HISTOIRE DU PEUPLE D’ISRAËL

TOME DEUXIÈME

LIVRE IV. — LES DEUX ROYAUMES

CHAPITRE III. — TRAVAIL LITTÉRAIRE DANS LE ROYAUME D’ISRAËL. - RÉCITS HÉROÏQUES.

 

 

A côté de l’idylle ou, si l’on veut, du roman patriarcal, il y avait la tradition héroïque, celle-ci bien plus près de l’histoire et qui n’était en quelque sorte que la continuation de la légende des pères. Caleb et Josué étaient à la tête de ce cycle nouveau, qui se rattachait ainsi directement à la délivrance censée accomplie par Moïse[1]. Ici, les données traditionnelles abondaient. Un élément capital venait épauler les traditions populaires et leur donnait une cohésion, une solidité, qui manquaient tout à fait pour l’âge patriarcal.

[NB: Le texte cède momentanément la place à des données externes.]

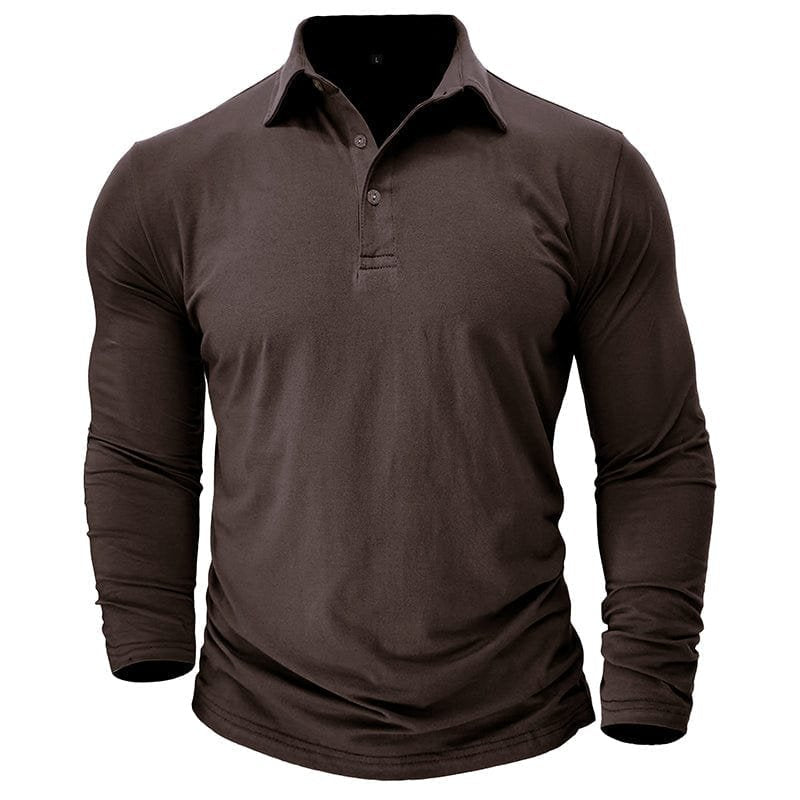 Menswear long-sleeve polo shirt, back view showing clean lines and tailored silhouette.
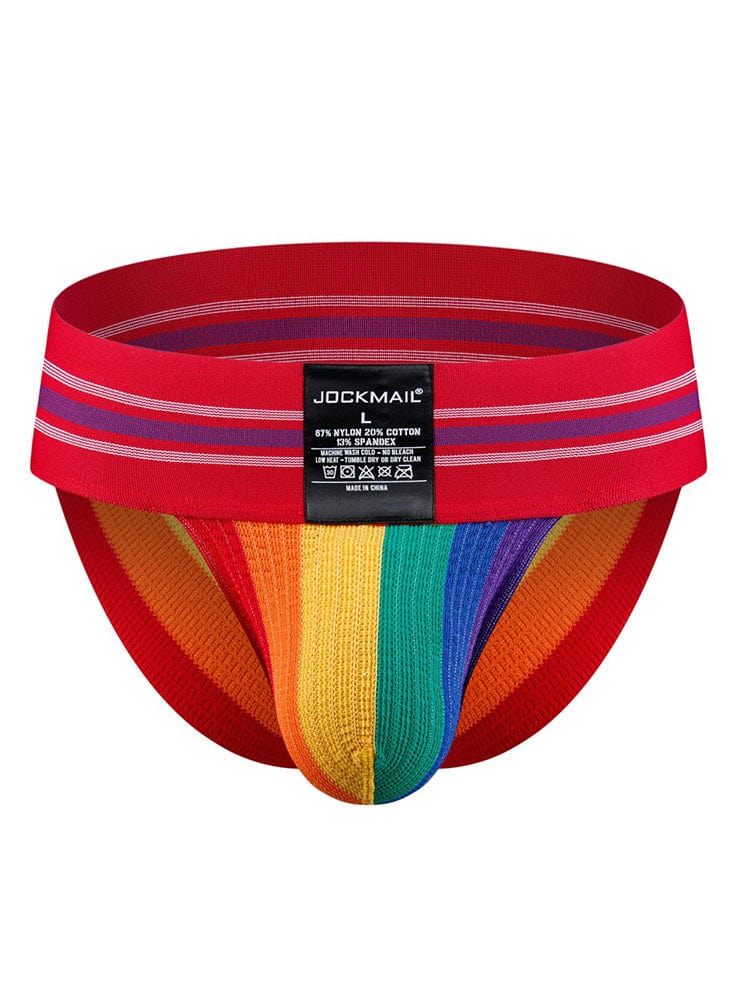 menaful Red / M Men's Rainbow Stripes Pride Brief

Nous avons, à diverses reprises, développé cette idée fondamentale de la critique, qu’il n’y a pas d’histoire avant l’écriture. Ce qui existe souvent avec un grand éclat et un grand développement chez un peuple illettré, ce sont des chants populaires. Israël possédait un riche écrin de ces sortes de chants, remontant à deux ou trois siècles, et se rapportant le plus souvent à des faits historiques dont le souvenir direct s’était perdu. Parfois le chant populaire contenait des indications suffisantes pour reconstruire le récit du fait ; parfois ces indications manquaient ou prêtaient au malentendu ; alors c’était l’imagination des âges postérieurs qui y suppléait. Le Kitâb el-Aghâni des Arabes est le type de ces sortes de compilations, où des chants longtemps gardés par la tradition orale sont enchâssés dans un texte en prose, qui les explique. Le principe, en pareil cas, est que la pièce en vers est antérieure à son préambule en prose, lequel n’en est que le développement, le commentaire souvent erroné.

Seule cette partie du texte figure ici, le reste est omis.